Em carta endereçada ao presidente executivo do Novo Banco, Vítor Bento, defendem que esta venda, a acontecer, "constituirá um acto ilegal" e prometem recorrer aos "meios judiciais competentes para obter a respectiva anulação". 

 

A missiva - a que o Negócios teve acesso - tem a data de 22 de Agosto.

 

A ESF(P) é titular de uma participação de 45% no capital social da Partran - Sociedade Gestora de Participações, que por sua vez detém na totalidade o capital da Tranquilidade.
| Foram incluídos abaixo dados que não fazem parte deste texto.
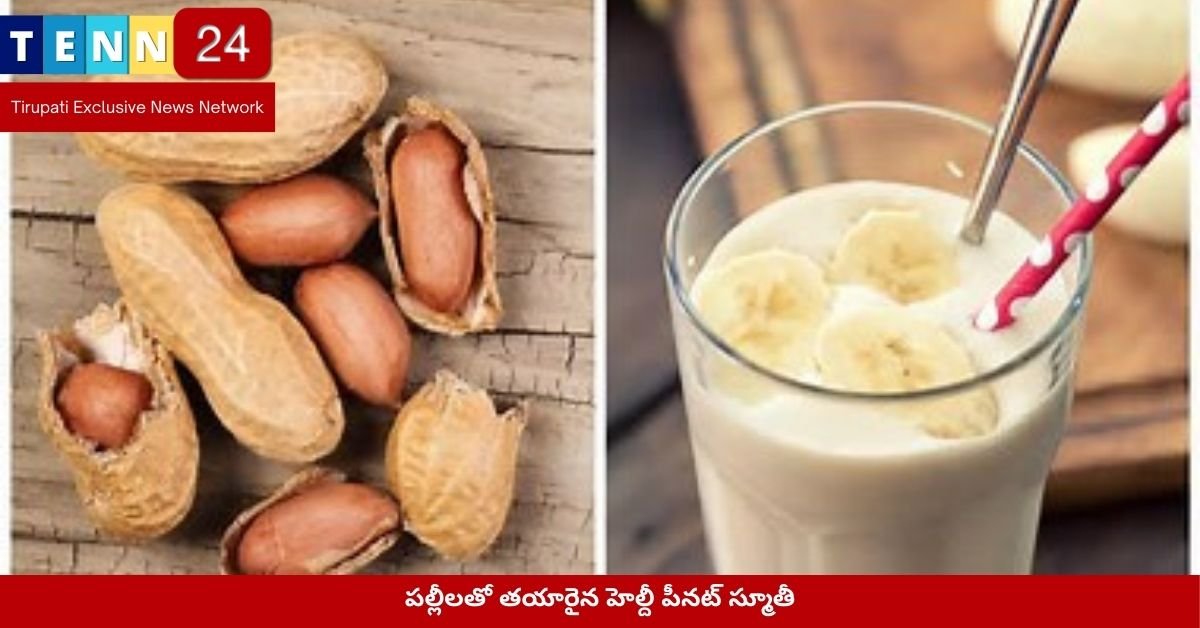 పల్లీలతో తయారైన హెల్దీ పీనట్ స్మూతీ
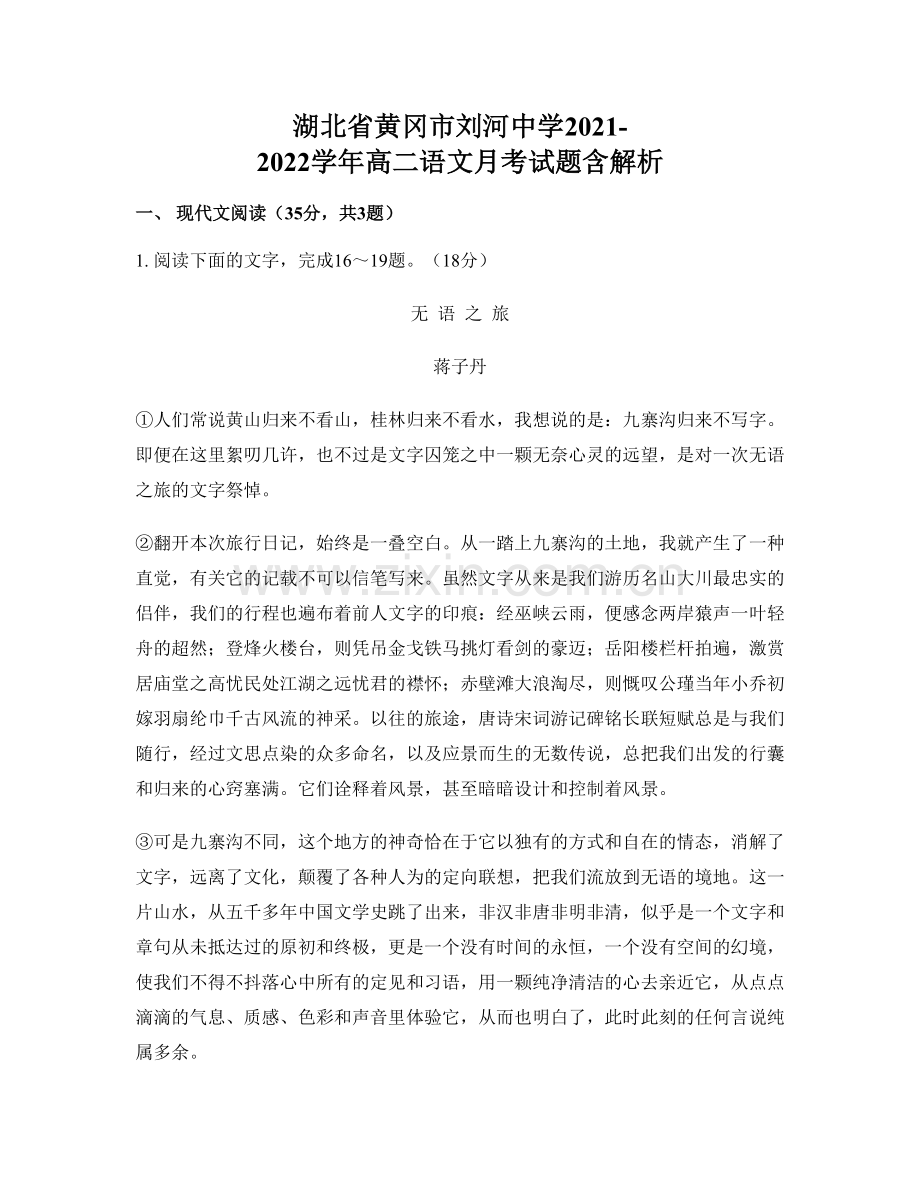 湖北省黄冈市刘河中学2021-2022学年高二语文月考试题含解析.docx_第1页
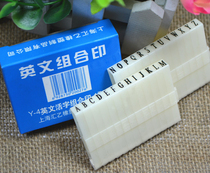 Xiangying Y-4 English letter combination seal activity letter combination printing number printing English article combination seal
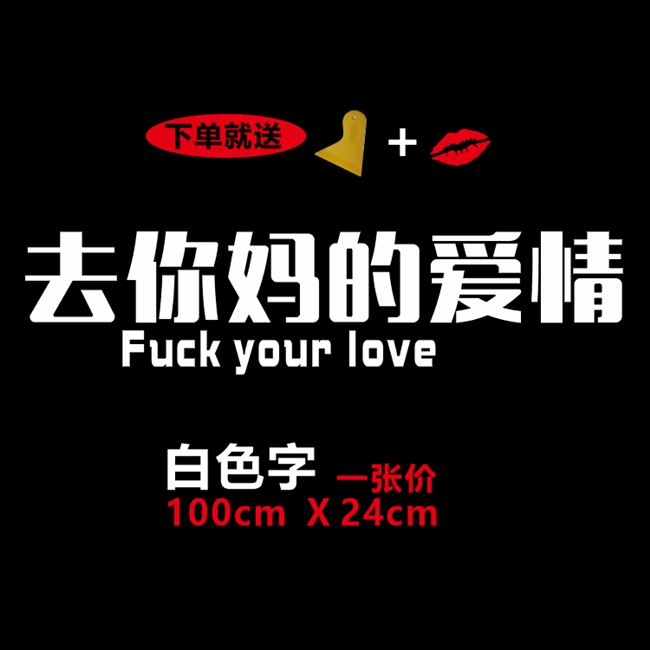 爱情红潮车贴去你妈的贴纸他妈的个性汽车装饰贴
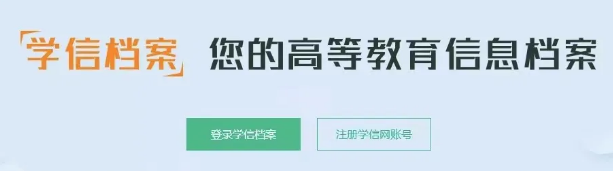 湖北專升本電子注冊(cè)備案表怎么下載打印？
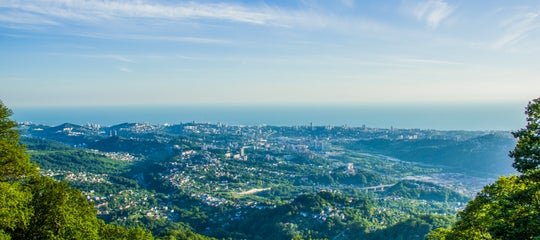Top banner_Cebu City from a mountain.jpg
Desta forma, os investidores argumentam assim que detêm "uma participação indirecta de 45% no capital da Tranquilidade".

 

O Banco de Portugal decidiu a 12 de Agosto que a Tranquilidade - apesar de ser detida pela Espírito Santo Financial Group (ESFG) - iria ficar no Novo Banco e não no BES, o banco mau que ficou com os activos tóxicos.

 

Esta decisão deveu-se ao facto do ESFG ter dado a seguradora como garantia da provisão de 700 milhões de euros que constituiu para garantir o reembolso da dívida de empresas do universo do Grupo Espírito Santo (GES) que foi vendida pelo BES.

 

Estes credores dizem agora que discordam "convictamente da validade jurídica deste penhor" e que estão "firmemente dispostos a impugnar, por todos os meios ao seu alcance, quaisquer efeitos que se pretende que o mesmo produza".

 

Assim, estes investidores consideram que, a acontecer, a venda da participação indirecta de 45% que esta sociedade detém no capital social da Tranquilidade "constituirá um acto ilegal e seriamente lesivo dos seus interesses legítimos".

 

Prometem também "recorrer aos meios judiciais competentes para obter a respectiva anulação" por ser do seu "interesse prioritário, zelar pela defesa e salvaguarda dos bens que constituem o património da sociedade devedora".

 

A ESF(P) é detida totalmente pela ESFG, que por sua vez pediu a insolvência desta empresa a 1 de Agosto.

 

A carta - redigida por uma sociedade de advogados - foi também enviada para o Banco de Portugal, o Instituto de Seguros de Portugal, a Comissão do Mercado de Valores Mobiliários, "ao conselho de administração da sociedade devedora" e à Apollo Global Management, que está interessada na Tranquilidade.